Exercise instructions —
Beginning with the first line and ending with the one containing "T-Pain Ii by Hijodeldiablo", copy the lines of the listing below exactly; omit everything else.

^^^^^^^^

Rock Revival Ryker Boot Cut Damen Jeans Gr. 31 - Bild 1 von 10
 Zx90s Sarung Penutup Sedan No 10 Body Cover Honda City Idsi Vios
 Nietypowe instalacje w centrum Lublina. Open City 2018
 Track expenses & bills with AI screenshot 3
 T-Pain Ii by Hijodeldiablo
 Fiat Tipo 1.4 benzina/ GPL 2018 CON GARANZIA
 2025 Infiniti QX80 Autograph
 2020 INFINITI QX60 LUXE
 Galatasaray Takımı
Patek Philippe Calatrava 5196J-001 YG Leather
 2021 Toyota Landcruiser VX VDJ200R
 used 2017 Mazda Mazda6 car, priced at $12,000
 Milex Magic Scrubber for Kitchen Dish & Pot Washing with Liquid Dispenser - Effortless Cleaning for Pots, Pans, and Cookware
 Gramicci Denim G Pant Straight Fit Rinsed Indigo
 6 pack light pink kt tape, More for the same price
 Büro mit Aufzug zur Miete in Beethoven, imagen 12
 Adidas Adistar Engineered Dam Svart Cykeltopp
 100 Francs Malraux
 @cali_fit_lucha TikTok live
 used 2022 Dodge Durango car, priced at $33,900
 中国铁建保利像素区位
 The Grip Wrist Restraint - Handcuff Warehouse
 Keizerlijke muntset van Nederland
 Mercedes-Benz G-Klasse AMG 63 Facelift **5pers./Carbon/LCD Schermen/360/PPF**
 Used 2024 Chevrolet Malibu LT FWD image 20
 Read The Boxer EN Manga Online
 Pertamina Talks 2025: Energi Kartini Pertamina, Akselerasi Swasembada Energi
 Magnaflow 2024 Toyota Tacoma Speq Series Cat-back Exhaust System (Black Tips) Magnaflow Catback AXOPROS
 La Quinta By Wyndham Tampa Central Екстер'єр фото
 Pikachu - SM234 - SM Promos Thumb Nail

^^^^^^^^

Response to this task —
Rock Revival Ryker Boot Cut Damen Jeans Gr. 31 - Bild 1 von 10
 Zx90s Sarung Penutup Sedan No 10 Body Cover Honda City Idsi Vios
 Nietypowe instalacje w centrum Lublina. Open City 2018
 Track expenses & bills with AI screenshot 3
 T-Pain Ii by Hijodeldiablo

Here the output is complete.